Is it so bad, to read stories on something that is not bound paper? I know the answer is complicated, because it’s not just about the paper or the memories or the book industry. It’s about libraries and access to technology. It’s about unemployed editors and writers. It’s about layoffs at the Los Angeles Times. It’s about the advent of freemiums, content being king, and the ways our brains change as we read in short bursts rather than long afternoon stints beside a fireplace. When all this is taken into account, of course, there are significant problems with digital publishing. There’s the problem of access to digital books and the internet for readers without disposable income. With the influx of books published outside the conventional system, there’s the problem of wading through the volume of stuff to find great literature. There are the problems of proprietary formatting, digital rights management, price gauging, and industry standards for digital files.

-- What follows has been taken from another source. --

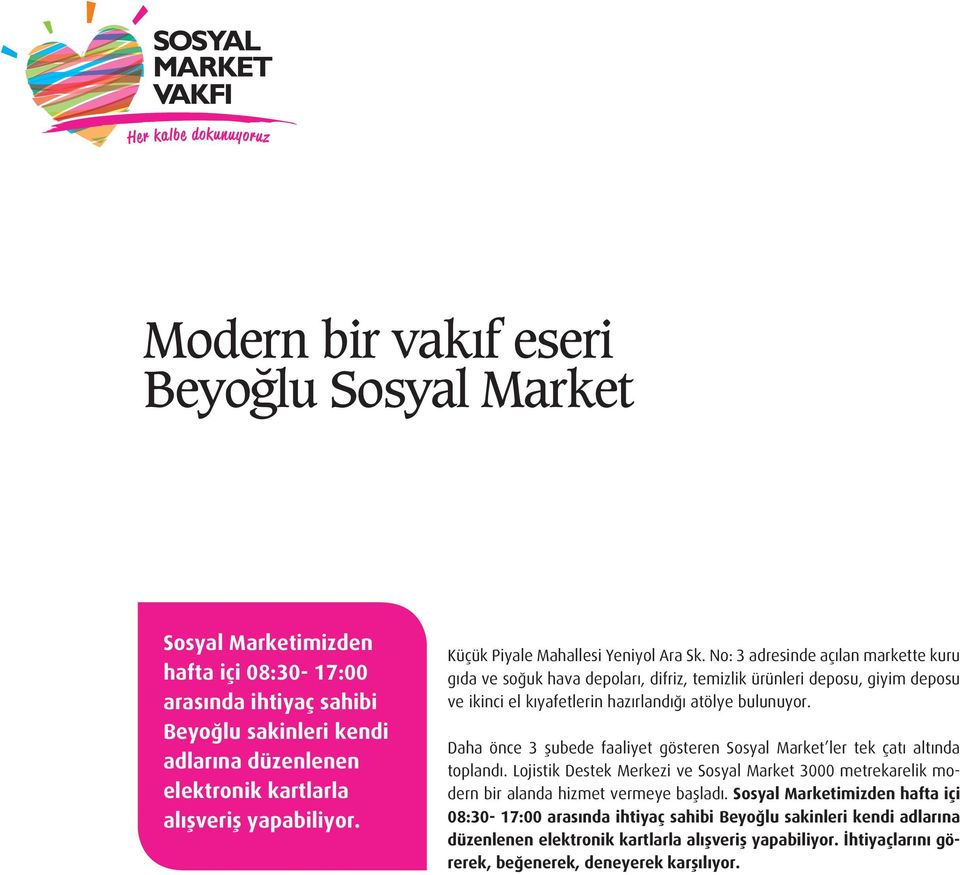 No: 3 adresinde açılan markette kuru gıda ve soğuk hava depoları, difriz, temizlik ürünleri deposu, giyim deposu ve ikinci el kıyafetlerin hazırlandığı atölye bulunuyor.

Still, these don’t seem to be reasons to throw out babies with bathwater. As I remember the cassette audiobooks we used to sell long after people had tossed their Sony Walkmans, I wonder if it might not be so bad for bookish types to resist digital literature a little less today. It doesn’t have to be all or nothing.

One of my former teachers recently reminded me how much I loved Modernist novels as an undergrad. She reminded me of my discovery of Virginia Woolf (I lost those books, although maybe they’re still in a basement in Wisconsin), of my admiration for Woolf’s experimental story structure and her creation of the independent Hogarth Press. With one machine, Woolf and her friends brought us the innovation of Woolf’s stream of consciousness along with works by T.S. Eliot and Freud.

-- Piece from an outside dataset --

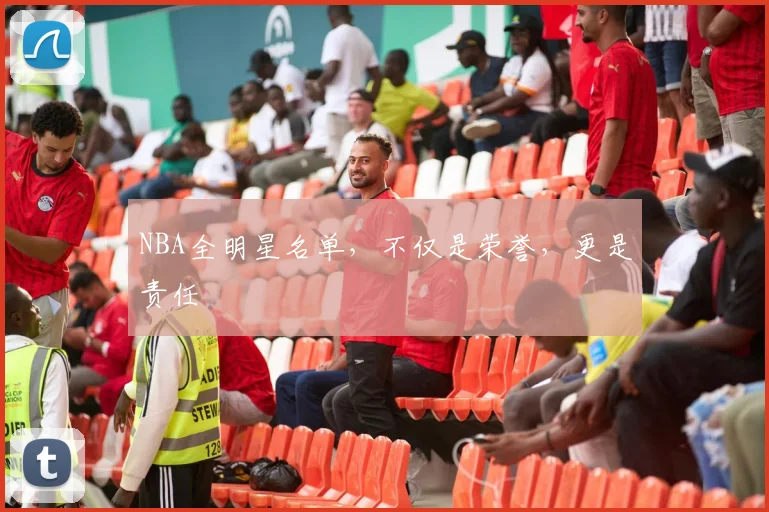 NBA全明星名单,不仅是荣誉,更是责任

Publishers didn’t always have the printing press, of course. In the past, there were handwritten manuscripts and before that, the oral tradition. Each time the means of production changed, the form of our stories shifted. As we move toward digital reading, we may find new ways to push the text as well. Digital literature could lift us from the confines of linear narrative, allowing experimental writers to morph more than genre and subject matter—to push old boundaries of storytelling into what Barthes calls the “linguistically supernatural.” Today, writers don’t need printing presses. We do need, I think, the courage to innovate again, to shift the boundaries of form and see what we can create.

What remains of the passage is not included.